WORK INSTRUCTIONS: Output the listing exactly, without its pictures.

DATA PROVIDED:
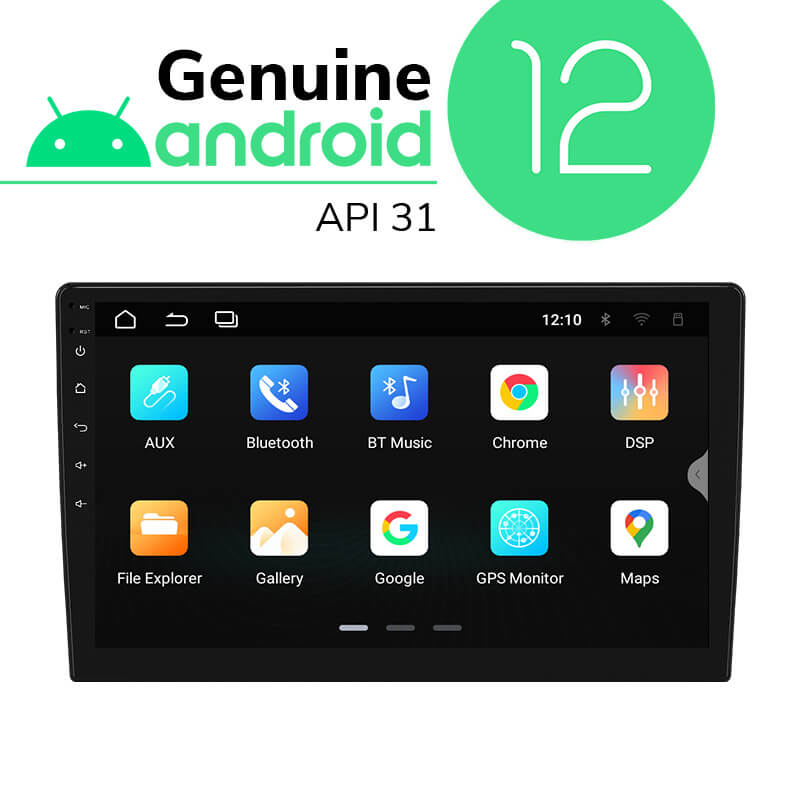 Eonon Android 12 Double Din Wireless Apple CarPlay & Android Auto Car Radio with 2GB RAM & 10.1 Inch IPS Touch Screen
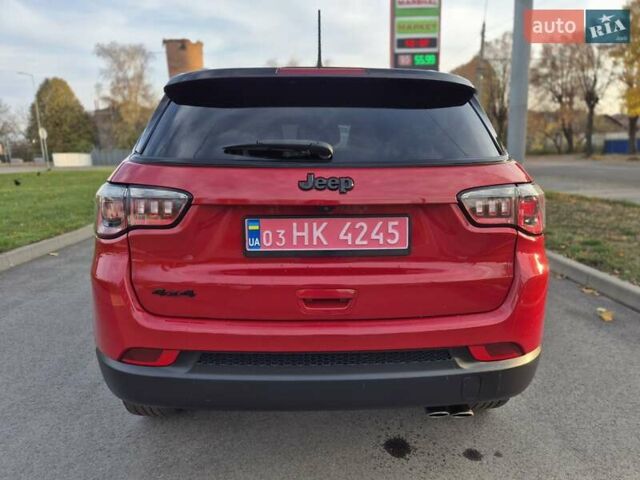 Красный Джип Компас, объемом двигателя 2.4 л и пробегом 143 тыс. км за 14200 $, фото 4 на Automoto.ua
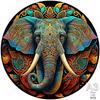Unique Wooden Animal Jigsaw Puzzles Colorful Turtle 3D Puzzle Gift Fabulous Gift Interactive Toy for Adults Kid Educational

REPLY TO THE EXERCISE:
 Eonon Android 12 Double Din Wireless Apple CarPlay & Android Auto Car Radio with 2GB RAM & 10.1 Inch IPS Touch Screen
 Красный Джип Компас, объемом двигателя 2.4 л и пробегом 143 тыс. км за 14200 $, фото 4 на Automoto.ua
Unique Wooden Animal Jigsaw Puzzles Colorful Turtle 3D Puzzle Gift Fabulous Gift Interactive Toy for Adults Kid Educational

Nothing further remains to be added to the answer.